DATA SHOWN:
=======
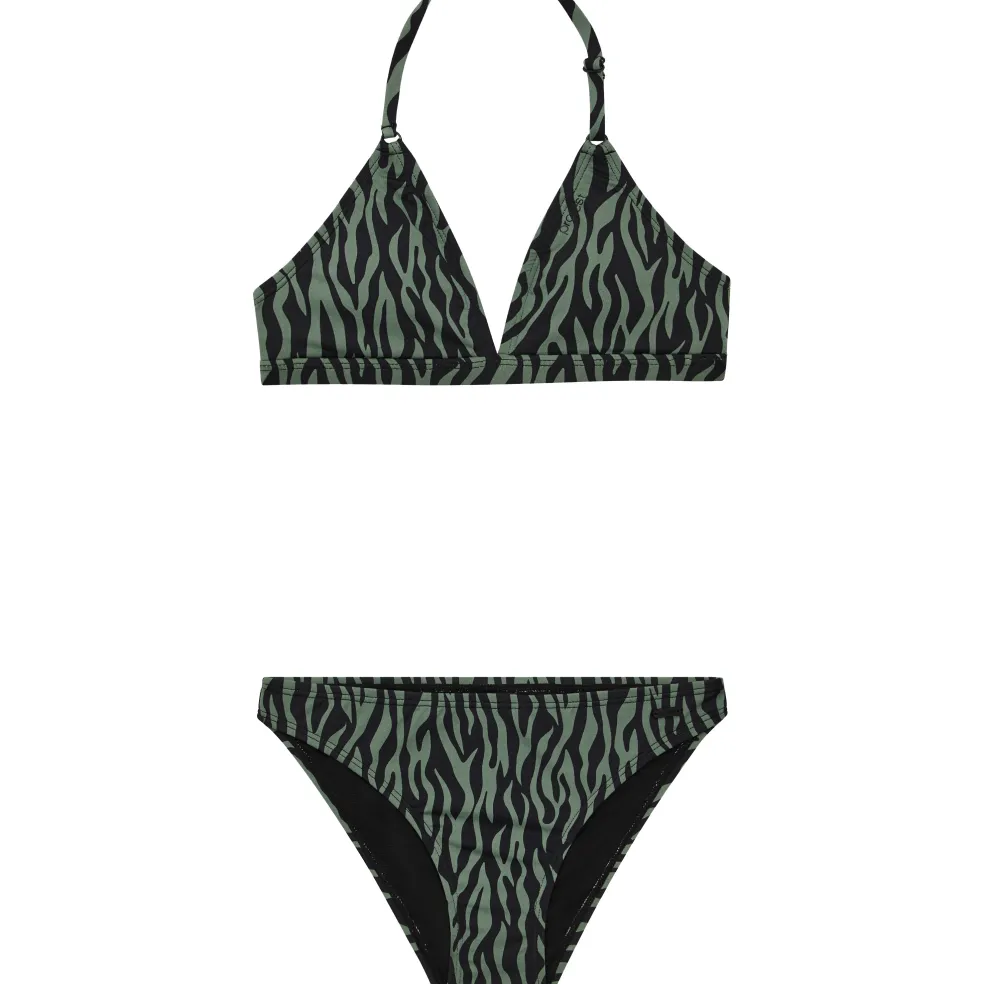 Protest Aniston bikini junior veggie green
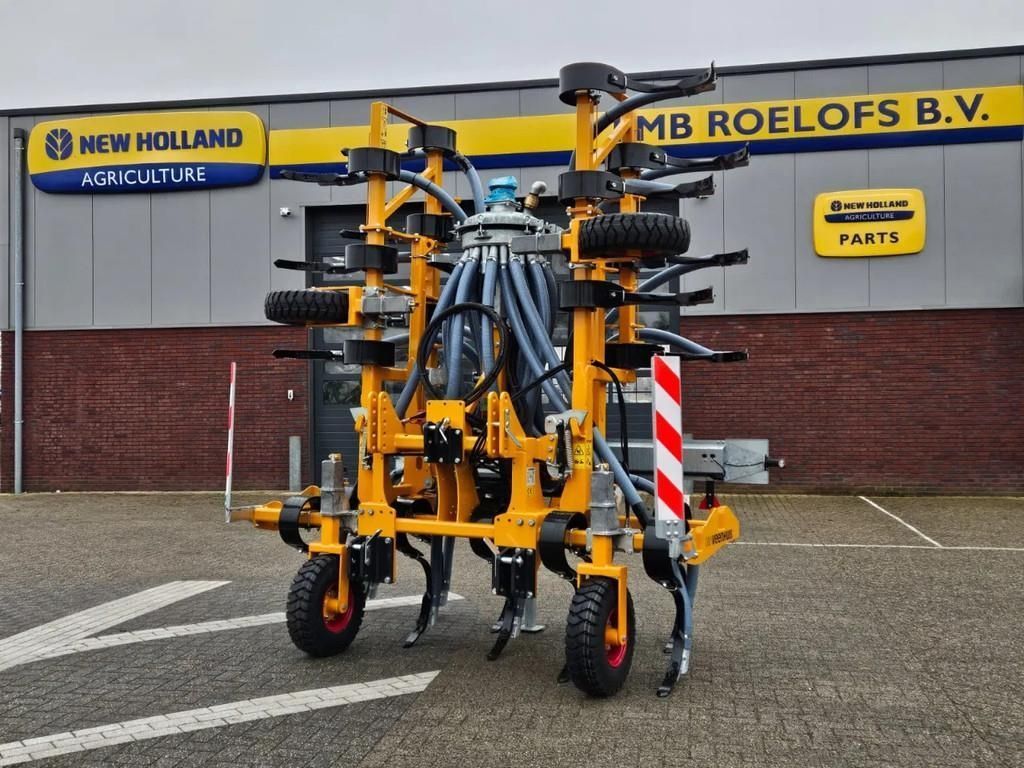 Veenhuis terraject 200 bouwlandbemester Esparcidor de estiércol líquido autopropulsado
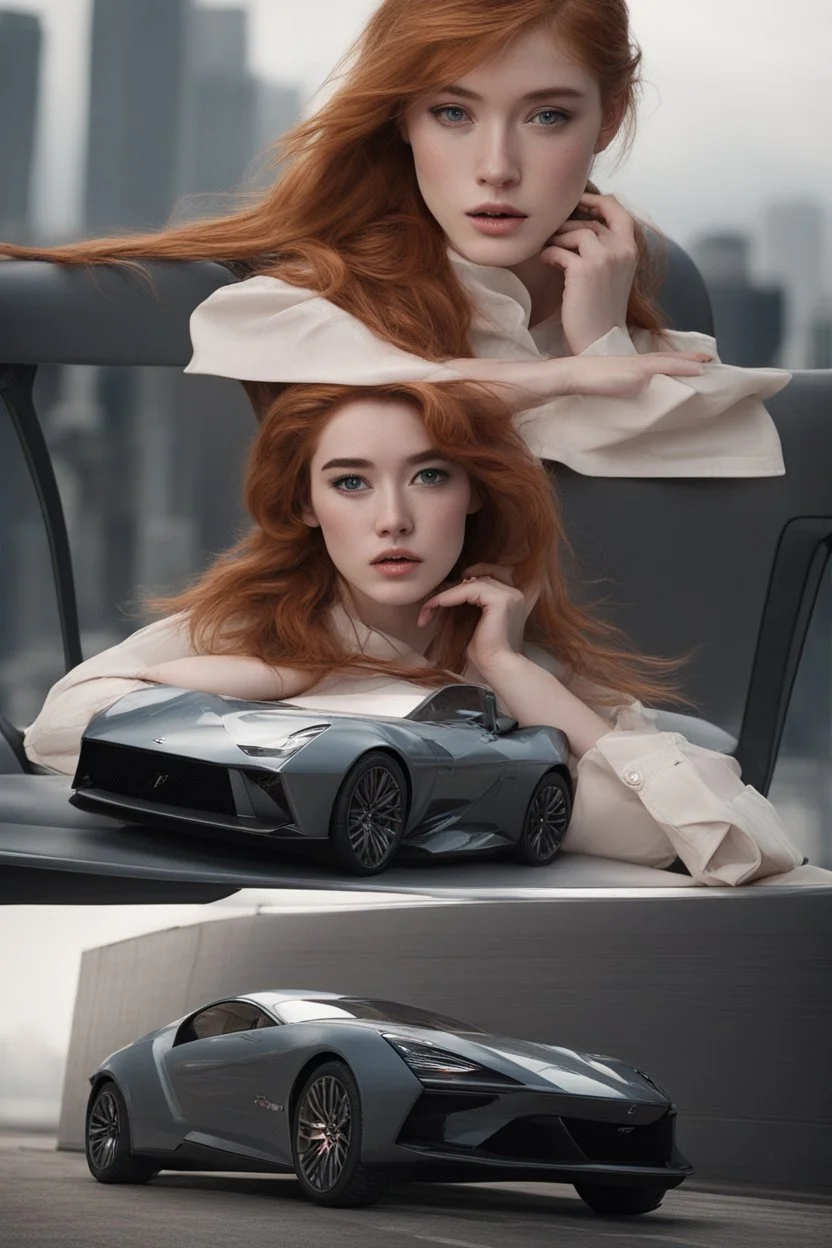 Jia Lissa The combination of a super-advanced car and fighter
=======
Would you copy out every line of the data above exactly, minus the pictures?

TASK ANSWER:
 Protest Aniston bikini junior veggie green
 Veenhuis terraject 200 bouwlandbemester Esparcidor de estiércol líquido autopropulsado
 Jia Lissa The combination of a super-advanced car and fighter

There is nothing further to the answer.